Partnering with William Mackenzie in 1886, Mann built railway lines in Western Canada, Maine, and Chile. They also went to China to pursue opportunities, but found the red tape there too great an obstacle to overcome. While there, he was challenged to a duel by a Russian count, who later withdrew when Mann advised him that he would choose to use the broadaxe, claiming it to be Canada's national weapon.

By 1895, the effects of the CPR monopoly on freight rates in Western Canada, together with its refusal to build branch lines into the northern prairie, prompted Clifford Sifton to offer federal bond guarantees to any other enterprise that wished to construct railways there. Mackenzie and Mann took up the offer, and began the process of purchasing and building such lines. They would later be consolidated in 1898 to become the Canadian Northern Railway (CNoR), a line which would stretch from Vancouver Island, British Columbia, to Montreal, with other unconnected lines as far east as Cape Breton Island, Nova Scotia, which would form Canada's second transcontinental railway system. The CNoR would be the first railway to reach Edmonton, Alberta, and the full line was completed in 1915, upon the driving of the last spike in Basque, British Columbia. In recognition of their contributions to the development of Canada's railways, both Mann and Mackenzie were knighted in 1911.
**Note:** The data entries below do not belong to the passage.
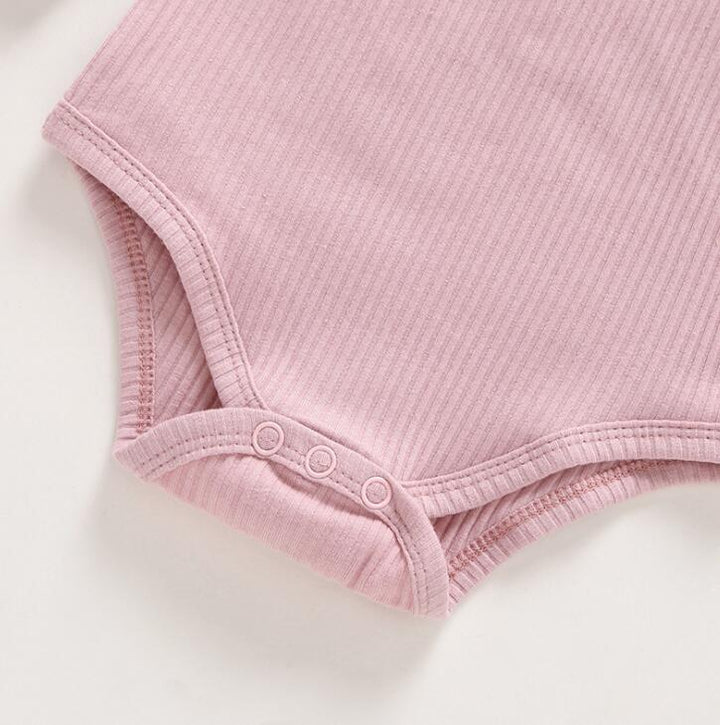 ENTERIZO BODY ROSADO 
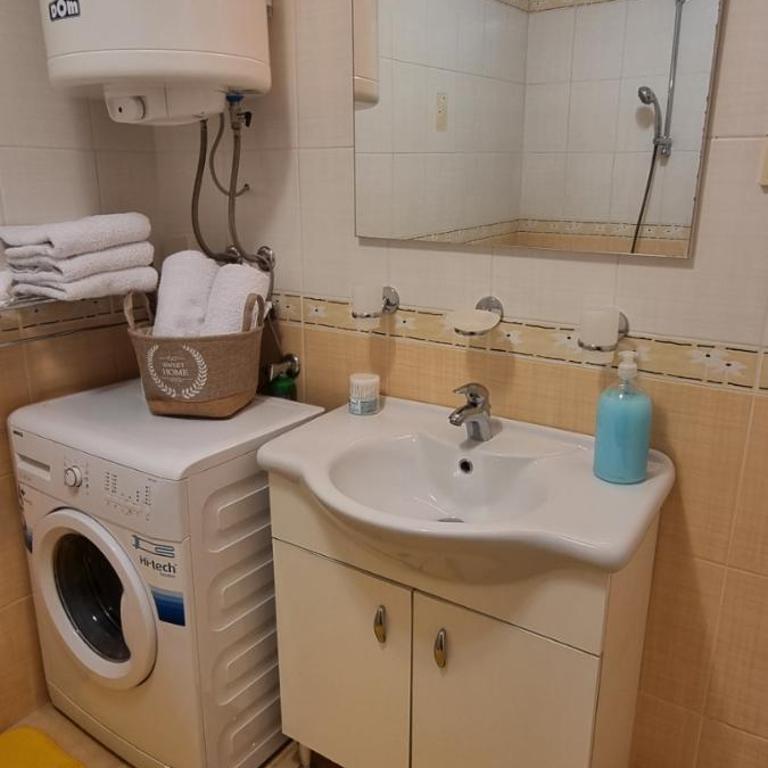 Apartman Borik Banjaluka - Apartman sa 2 Spavaće Sobe - 19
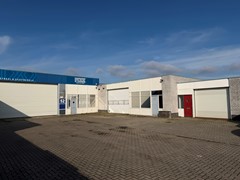 Bedrijfsweg 50, 8304AA Emmeloord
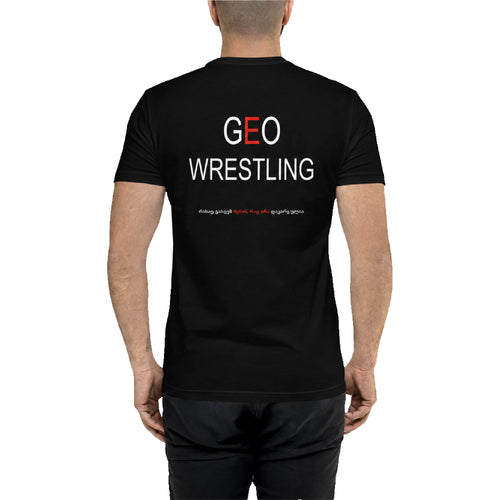 GEO WRESTLING | C8COMBAT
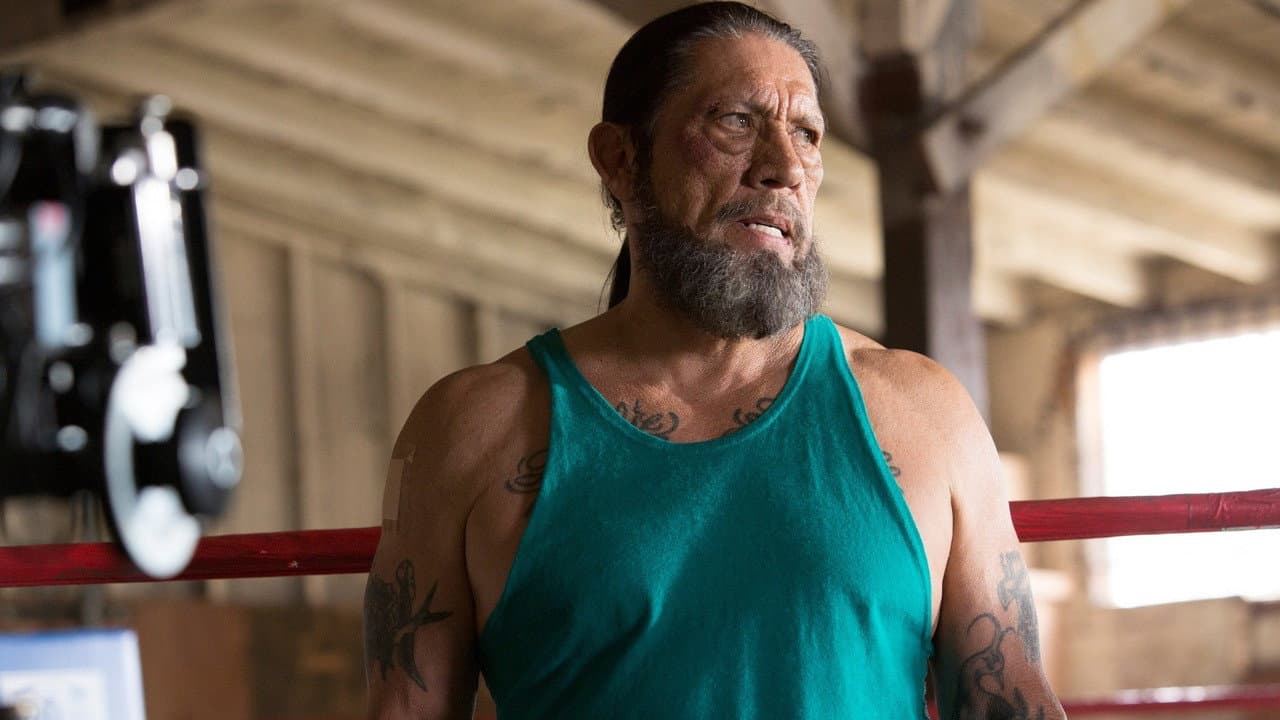 Bad Ass 2: Bad Asses still 6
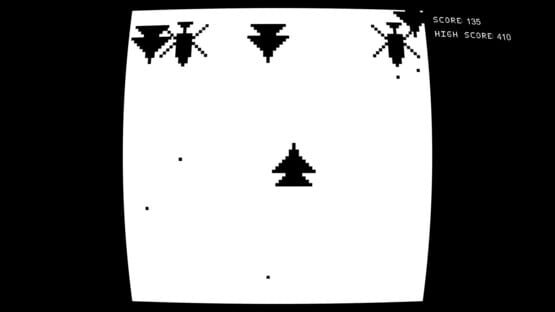 Screenshot Retro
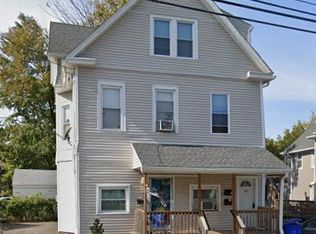 33 N Elm St FLOOR 2, Manchester, CT 06042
Financial difficulties eventually resulted in the insolvency of the CNoR. It was nationalized by the federal government on September 6, 1918, and became the Canadian National Railway.

Mann developed other business opportunities on his own, which included coal mines and a related railway in Inverness County, Nova Scotia, the Winnipeg Street Railway, and multiple public utilities in Monterrey, Mexico.
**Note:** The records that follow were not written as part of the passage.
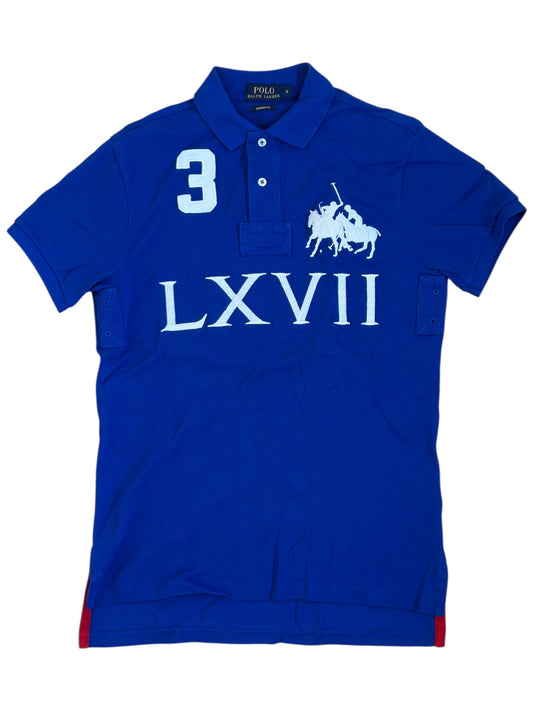 Polo Ralph Lauren "LXVII" Polo
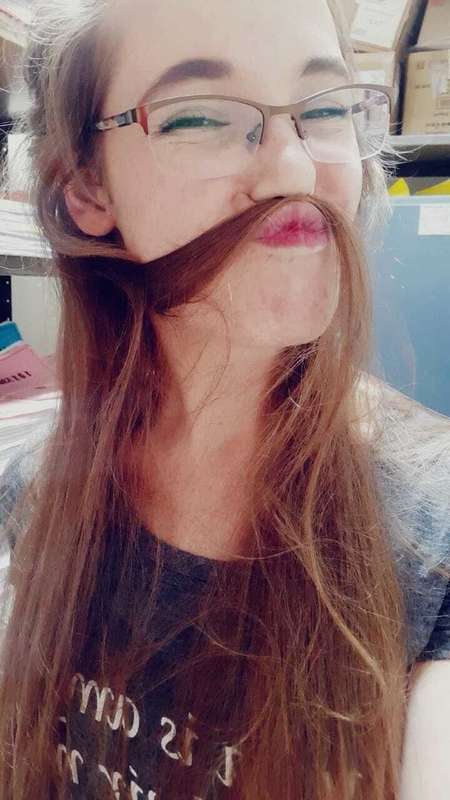 ME MYSELFIE AND I **PART 3**  Didnt think these would be so .. 16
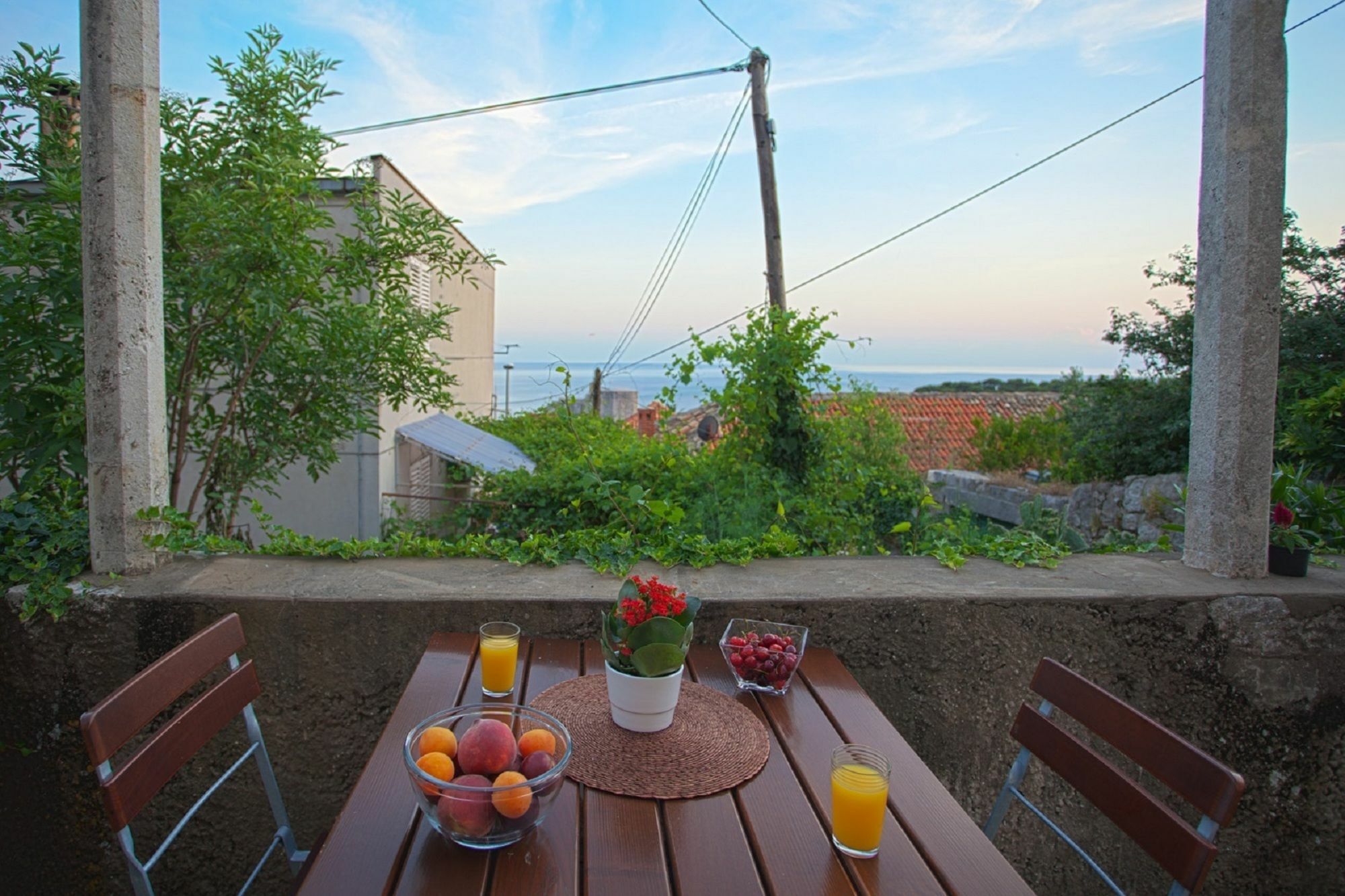 Apartments Maro & Baro Dubrovnik Ngoại thất bức ảnh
Mann turned to oil drilling. He leased land in the Township of Vaughan, near the village of Concord, and sank a well in November 1922. In the spring of 1928, instead of oil, he found mineral water. Under the name Ontario Mineral Waters Ltd. he bottled and sold it as a health tonic named "Raysol Radium Water" effective against a variety of ailments including diabetes, angina, tuberculosis and rheumatism. $1 a bottle or $3 a gallon. The venture failed ostensibly because the water was very salty.

Mann died in 1934 at the age of 81, and was buried at Fairview Cemetery in Acton.

==Legacy==
In 1969, a park was named for Sir Donald Mann in Acton, Ontario, the land of which once formed part of the farm on which he grew up. It is adjacent to the CNR track, and not far away from the former right of way once occupied by the Toronto Suburban Railway controlled by Mackenzie and Mann.

He, along with Mackenzie, was inducted into the Canadian Railway Hall of Fame in 2002.

He is also known for the Mann Cup, the trophy awarded to the senior men's lacrosse champions of Canada. The cup is made of solid gold, and it was donated in 1910.